Monday, October 18, 2010

Dear Dad (#2)

Good Morning! 

Well Aaron and I went and looked at that house in North Port yesterday. It's a nice house. Good size and a lot of potential. I just wish it wasn't so far from everyone, especially now. I think you and mom would like it. I would like to take mom down there for her to see it, but I am torn about the idea of moving that far away now. It's harder to even think about being that far away from her and everyone. While I would hate for the house to slip through our fingers I can't help but feel not moving right now is the best thing to do. It's not about the money, it's about family. I mean it's only 45 mins or so away, but right now that feels like an eternity. The area is great. It's up and coming and has so much potential. We are close to 2 sets of couple friends, so that would be nice. But .... how do I move away right now? Not to mention that I don't love my job enough to commute.... and what sense does it make to move down there when so much of our life is still here in Sarasota? I don't know what the right thing is to do.

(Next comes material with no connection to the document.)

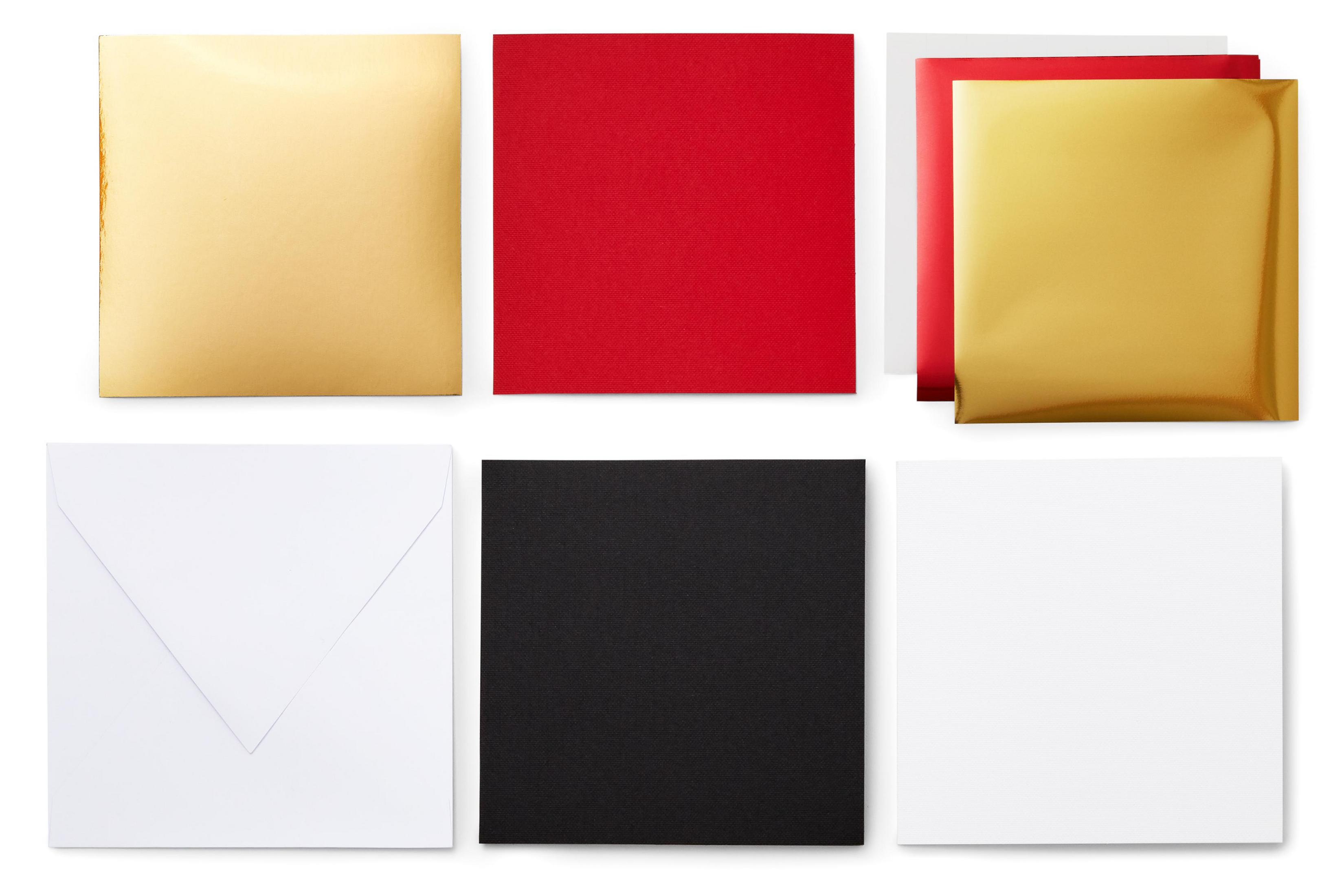 Sechs farbige Quadrate angeordnet. Gold, rot und gold. Weiß, schwarz und weiß.
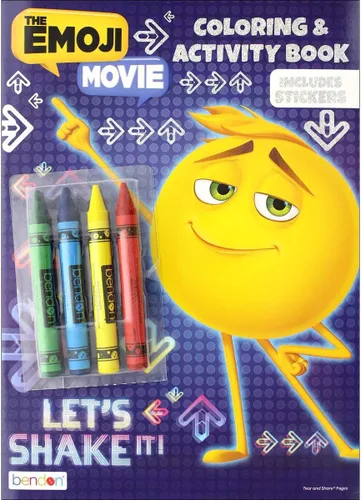 Bendon El libro para colorear y actividades de la película Emoji con lápices de colores, 32 páginas (40939)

I wish you could have seen the house. I think you would have liked it. It was hard walking through there yesterday and not thinking of all of these things that I would have asked you about the structure and the kitchen and all that... I am sad that I won't get to share the experience of my first house with you. I know you would have enjoyed it. I am sure you are watching over me though and will have a guiding hand when the time is right.